Me being me, I set out to find the Thornton system. I won’t bore you with the details of my protracted search, except to say that many people had posted diagrams of the system without any instructions, which is quite a bit worse than useless for my purposes, and that I finally found what I was looking at antiquepatternlibrary.org.

I wish I could tell where I got this PDF from. If only there were some sort of watermark.
They had a full scan of Mr. Thornton’s entire book available for free, quite a bargain, as it seems the book would have cost me twenty-five shillings back when it was published, in 1894.
So, armed with the scan, a set of example measurements, and a copy of Adobe Illustrator, I set out to make a jacket pattern via the Thornton System.
Here’s what the finished pattern should look like
Here’s how far I got before I gave up in despair.
I got hung up looking for a reference point that I hadn’t seen mentioned before, and that I could not find on the diagram.
I decided to put a pin in the Thornton system and look for something a system a little clearer, and more modern, as the Thornton System is from the century before last.

Still, I can’t be mad at that mustache!
I did a great deal more searching, the details of which I will spare you, and found a scan of a highly regarded textbook called The Modern Tailor, Outfitter, and Clothier, which was published in 1919. Modern indeed!
It contains a couple of different systems for creating the outline for a man’s suit jacket and pants, and instructions for actually constructing the suit. As a resource, this book was exactly what I needed. The scan, however, was pretty bad. It looked like a photocopy of a photocopy, with many of the fractions in the instructions reduced to inscrutable smudges.

There. That’s perfectly clear.
It seemed to me that getting the math right was somewhat vital to ending up with a wearable jacket. If I wasn’t going to be able to read the fractions, I wasn’t going to be able to continue. I set out to find a better copy.
My search brought me to a Kindle edition from a publisher that promised “classic works in affordable, high quality, modern editions, using the original text and artwork.” I happily spent four dollars on the Kindle book, and went to the page with instructions, looking forward to the crystal clear fractions rendered in standard Kindle text.
This is what I saw.

There was one part I wanted them to make clearer, and it’s the only thing they left blurry!
In fairness, that is a bit better, but in addition to the photographically perfect reproductions of blurred, smudged fractions, I found enough obvious transcription errors that I didn’t trust the text as a whole. It wouldn’t have been as big a deal in a block of text, but in instructions that involve math, it was a deal breaker.
(I got the gif here, by the way.)
I was on the verge of giving up when I found the perfect scan.
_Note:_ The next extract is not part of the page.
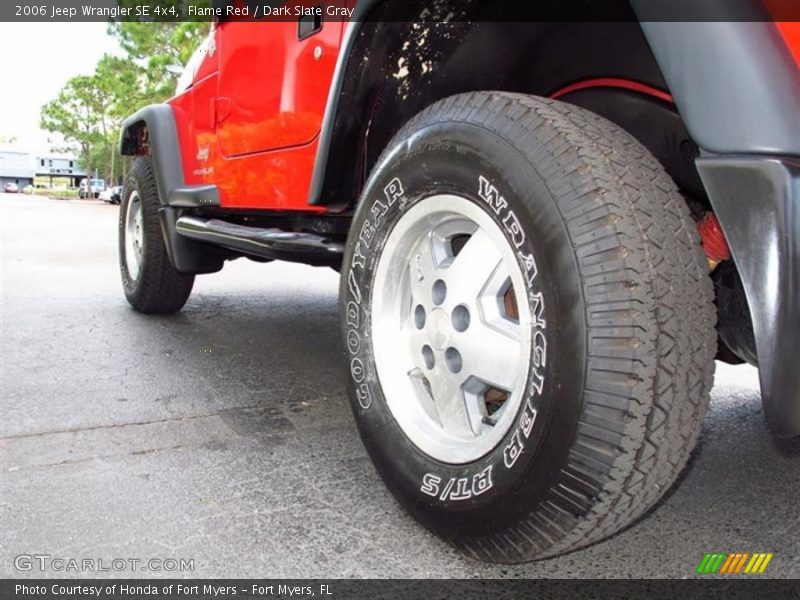 Flame Red / Dark Slate Gray 2006 Jeep Wrangler SE 4x4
It’s a huge improvement . . . in that I can read it, and it makes sense.
It’s a high-quality scan that was then ORC’d and proofread. Exactly what I needed. It was on the deviant art page of a steampunk tailor who calls himself Ratspeed. He has a very nice website where he sells handmade pressing bucks.
The scan isn’t perfect. Nothing made by humans is. I’ve found a couple of places where the number 15 is printed as the word “is” but it’s nothing I can’t deal with. I was so grateful for his hard work I subscribed to his Patreon account. He’s since bought a mechanized book scanner so, we can hope more excellent scans will be on their way.
So, armed with my instructions, it was time to start making my pattern.